| Poland | Gdansk | Gdynia | Hel | Baltic Coast | Swinoujscie |
Polish waters can be divided into three areas: Gdansk Bay, the long stretch of Baltic coast, and Swinoujscie with the waters behind, which are really just an extension of the German bodden.
Gdansk Bay is a cruising area in itself, and Gdansk itself should be top on your 'must visit' list. The harbours along the Baltic coast are generally small fishing towns situated on rivers, with long breakwaters jutting out from the land. Entry into these can be interesting in strong cross winds, and they should be approached with great caution in strong onshore winds. In addition, the harbours themselves may be uncomfortable in these conditions.

The entrance to Dziwnow - very typical of the entrances to these Baltic harbours with their long narrow breakwaters.
The most common form of mooring is alongside a quay fendered with truck tyres:

This example is from Dziwnow. Box moorings are sometimes found in bigger yacht clubs, and, very occasionally, stern buoys.
Mooring fees are low (Ustka is free!), but typically around 30 zloties - perhaps £6. The person who deals with harbour queries is the bosman - there is usually someone on duty 24 hours a day.
Gdansk, once the German city of Danzig, was flattened by the Red Army in 1945, and has been rebuilt. The authenticity of some of the reconstruction is perhaps a little dubious, but the result is certainly spectacular. The city is a magnet for tourists in the summer. One of the advantages of the marina in Gdasnk is that it is in the heart of the city, and five minutes walk from the old city centre.

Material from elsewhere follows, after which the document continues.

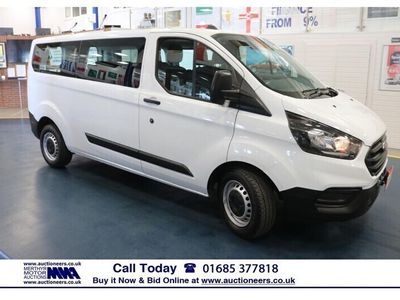 White Used 2021 Ford Transit Custom | £12,780 (Expensive)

The harbour entrance is not that conspicuous, but the tall red brick lighthouse is a good landmark. The deep water for ships channel is well marked - it is a good idea to keep close outside the channel. There are a large number of ferries from Gdansk over to Hel which you will have to watch out for.

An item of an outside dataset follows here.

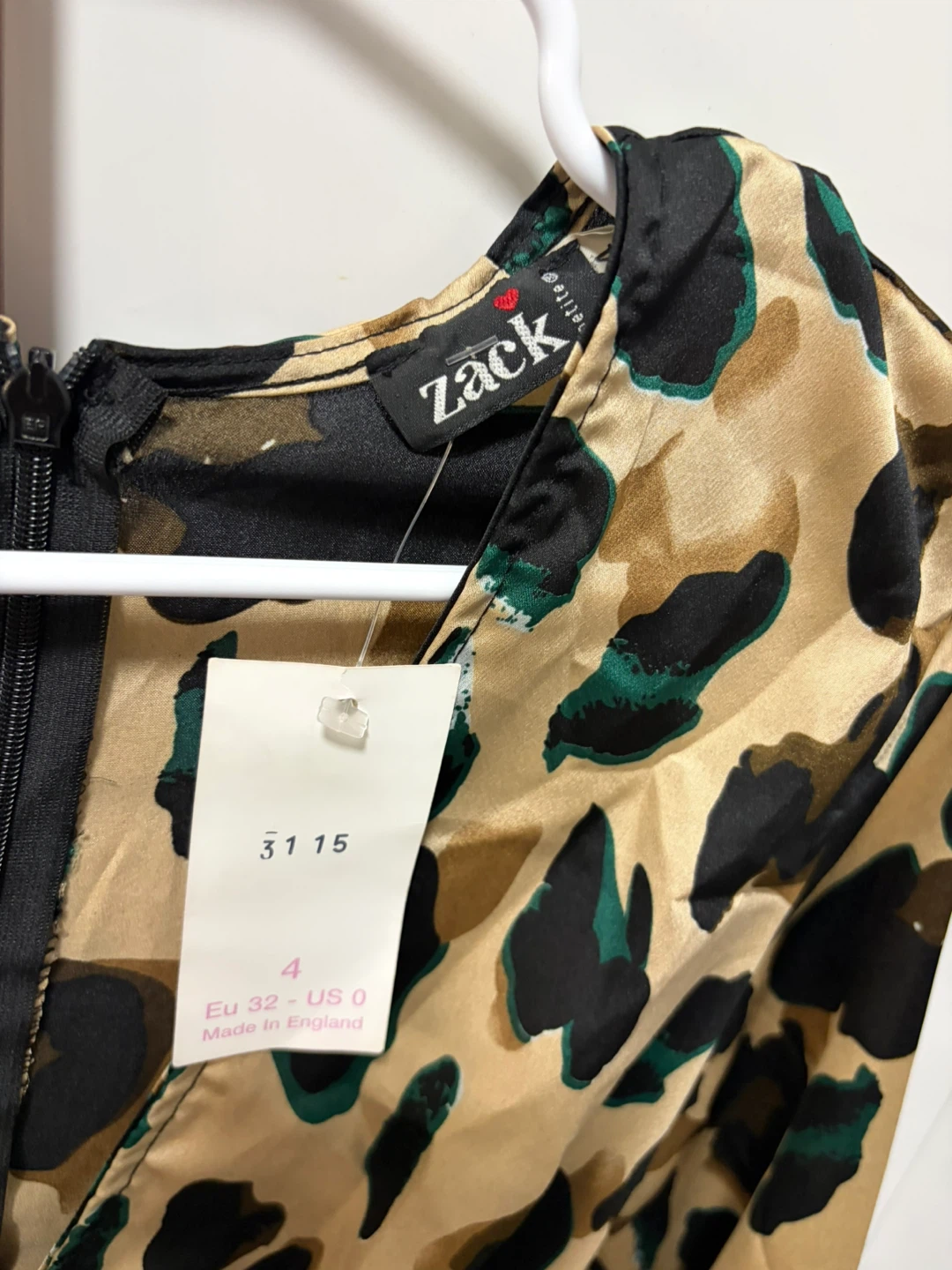 Zack Leopard Print Dress - photo 2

Once inside the river, there are relatively few hazards, although again you will have to keep a sharp eye open for crossing ferries, tugs, and ship movements in general, since Gdansk shipyards are busy places. It is about an hour's motoring up to the marina.
NV-pedia harbour charts for Gdansk. This chart is very helpful, since it covers the stretch from the harbour entrance all the way up to the marina.
You know when you have arrived by the view of the city waterfront (see photos). Gdansk Marina is down to the left behind some building which are still left derelict from the war. There are an assortment of pontoon moorings, and you'd be unlucky if you found them all full. If you do, you can probably find someone to raft up against. It is well equipped with all the usual facilities.
There is also a fuelling pontoon a few hundred metres from the marina. It is a very good idea to top up the tanks here, since fuelling stations in this part of the world are few and far between.
The city centre is undoubtedly a marvellous place to visit, although some of it is perhaps of dubious authenticity. That having been said, there is a lot to see and to do. Gdansk also offers facilites not found in the average port, up to and including an international airport with flights to the UK and elsewhere. To come to this part of the Baltic and not visit Gdansk is a big mistake!
Right: the lighthouse and the Kapitanat Portu just inside the entrance. Left: the final approach to Gdansk marina.
Gdansk shipyards: this is a busy area, and you need to be alert.
Left: the waterfront opposite the marina, and, right, the main thoroughfare in the centre of the city.
The refuelling pontoon a few hundred metres from the marina.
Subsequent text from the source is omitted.